No ano de 2016 o movimento #OscarsSoWhite tomou forma dentro das redes sociais, pedindo por uma maior diversidade na premiação. Traduz-se “Oscars tão brancos”, a hashtag que precisou de 80 anos de exclusão para se estabelecer, foi responsável por mobilizar internautas na luta contra o evidente racismo presente na premiação norte-americana. Dentre as estrelas dos filmes gravados durante os anos de 2015 a 2016, apenas atores e atrizes brancos foram indicados para os dois prêmios destaque da noite. O que não se deu por carência de oportunidades: no mesmo período foram exibidos os longa-metragens Creed: Nascido para Lutar, Straight Outta Compton: A História do N.W.A., Beasts of no Nation e The Hateful 8, todos protagonizados por atores negros. Idris Elba, Samuel L. Jackson e Michael B. Jordan foram injustamente ignorados apesar das muito bem avaliadas performances. Mesmo tendo alcançado um extenso público, o movimento não foi suficiente para expor ou extinguir todo o preconceito baseado em cor de pele por parte dos membros da Academia, já que ele está enraizado em sua estrutura e se propagou por todas as anteriores e posteriores votações. Assim se dá, não ironicamente, o questionamento: quantos anos serão necessários para que haja igualdade dentro das premiações? Será que apenas o tempo tornará o Oscar, de fato, não tão branco?

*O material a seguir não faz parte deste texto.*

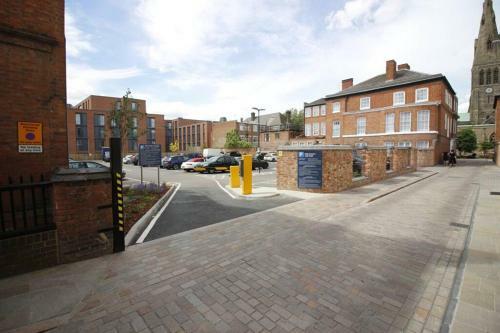 Apartamento Heart Of Leicester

Dentro da esfera do preconceito, ambos os grupos citados sofrem, por motivos e de maneiras distintas, com a exclusão nas premiações, que não para dentro dos limites do tapete vermelho e se estende a outros palcos. O movimento para alcançar a necessária representatividade diversa nas indicações e prêmios é apenas a superfície da luta para superar séculos de racismo e machismo existentes em nossa sociedade, o que não vai ocorrer com rapidez. Aos poucos, o mundo contemporâneo tem abraçado as comunidades oprimidas, como as formadas por negros, mulheres e LGBTQ+, e tal vivência trazendo esperança para as futuras gerações. O caminho a ser percorrido é longo, e exigirá uma marcante mudança na estrutura do sistema responsável por escolher quem merece ou não segurar a estatueta nas mãos ao final da noite.